Page 111 of Never Will I Ever

“I know.” My lungs ache from the pain I know I’ve caused him. Pain I wish, more than anything, I could take back. “If it makes any difference, I would’ve much rather been there for the rest of the summer instead of here.”

“Then why did you leave?”

My teeth sink into my cheek before I murmur, “It’s…complicated.”

“It was your dad, wasn’t it?” his disembodied voice asks. “I saw him by the lake the same day you left. Well, I didn’t know it was him. I had to ask Kaleb who it was.”

Just hearing Kaleb’s name is a shot to the heart. One I’m not prepared for in the slightest, nor for the way it steals all the air from my lungs. My eyes sink closed, and I drop my head to my chest, attempting to breathe through the pain of my own making.

And God, it hurts.

Lovefucking hurts.

Clearing my throat, I somehow manage to find my voice, but it comes out only as a sullen whisper. “Yeah, it was my dad. The whole plan was his idea.” I pause and swallow, the truth tasting like bile as it leaves my lips. “But it’s still my fault. I’m the one who went along with it.”

“Why?”

Because I’m a coward, lying down and submitting.

The funny thing is, it’s not Shame screaming this in my head; it’s my own thoughts. The same ones that have been playing on repeat since Kaleb told me to go and not look back.

And it’s a choice I’ve regretted ever since.

Knowing the whole truth is far too heavy for a kid Elijah’s age; I offer him a sugar-coated version of it instead, framing it in a wayhe’s sure to understand.

“Pretty much the same reason you keep going to camp. I did it to make him happy.”

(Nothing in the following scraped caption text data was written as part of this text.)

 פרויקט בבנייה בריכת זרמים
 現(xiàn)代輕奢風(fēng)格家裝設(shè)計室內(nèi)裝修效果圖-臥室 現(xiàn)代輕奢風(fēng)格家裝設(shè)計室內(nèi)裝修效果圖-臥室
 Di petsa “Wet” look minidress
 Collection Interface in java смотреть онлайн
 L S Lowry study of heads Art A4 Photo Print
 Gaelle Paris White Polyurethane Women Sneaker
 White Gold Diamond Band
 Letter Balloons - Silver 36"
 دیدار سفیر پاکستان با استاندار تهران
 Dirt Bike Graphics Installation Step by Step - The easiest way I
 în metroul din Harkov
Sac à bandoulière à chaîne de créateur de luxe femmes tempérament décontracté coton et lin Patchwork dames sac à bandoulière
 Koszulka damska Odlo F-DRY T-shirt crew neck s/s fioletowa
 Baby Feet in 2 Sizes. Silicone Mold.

Even if it cost me my own, apparently.

Happiness doesn’t seem to exist without Kaleb. Not anymore. Not when I know what it feels like to be so obscenely, disgustingly filled with joy because of him. All the things that used to give me some sort of serotonin boost just feel bland in comparison. Dulled to a shade of gray.

There’s nothing like him.

Elijah’s voice calls on the other end, breaking through my thoughts.

“Avery? Are you still there?”

Shit.

Clearing my throat, I mutter, “Yeah, sorry. I’m here. Uh, what’d you say?”

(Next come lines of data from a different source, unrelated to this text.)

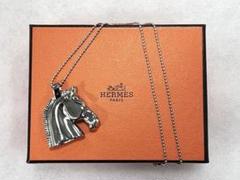 HERMES エルメス 馬 ネックレス ペンダント ホース シルバー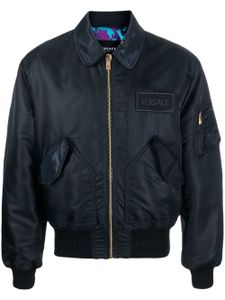 Versace veste bomber à patch logo - Noir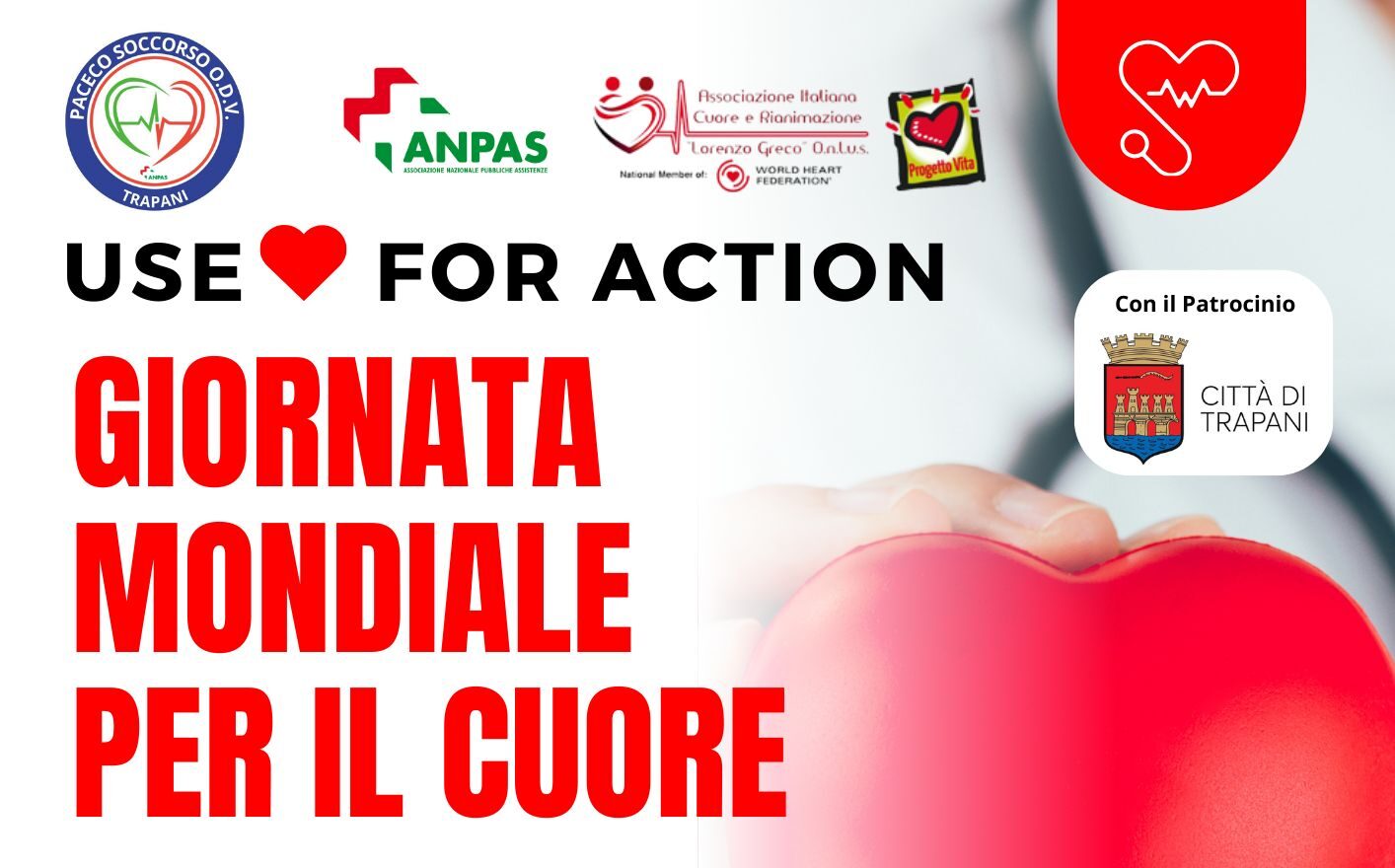 A Trapani la Giornata Mondiale per il Cuore con iniziative e flash mob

“I told you that I understood why you left,” he relays. “And then I asked you if we’re still friends even though I kinda yelled at you.”

I roll my lips in to contain my chuckle. “Of course, kid. You’re one of the best friends I’ve got.”

It’s not until the words are spoken that I realize how true they are. It might not make much sense, but somehow, Elijah and I are cut from the same cloth. A little bit insecure, a lotta bit weighed down by parental expectations.

My only hope is that he pushes back and fights for what he wants. He could end up like me if he doesn’t, and that’s the last thing I want for him.

Elijah lets out a long sigh. “I thought you’d be mad at me for yelling at you. I’m glad you’re not.”

“I couldn’t be mad at you for telling me how you were feeling.”

“Yeah, I guess. I don’t like saying the hard things, though.”

My brows furrow. “The hard things?”

“Yeah, you know,” he insists softly on the other line. “The things that people won’t like to hear. Or the things that kinda scare me to say.”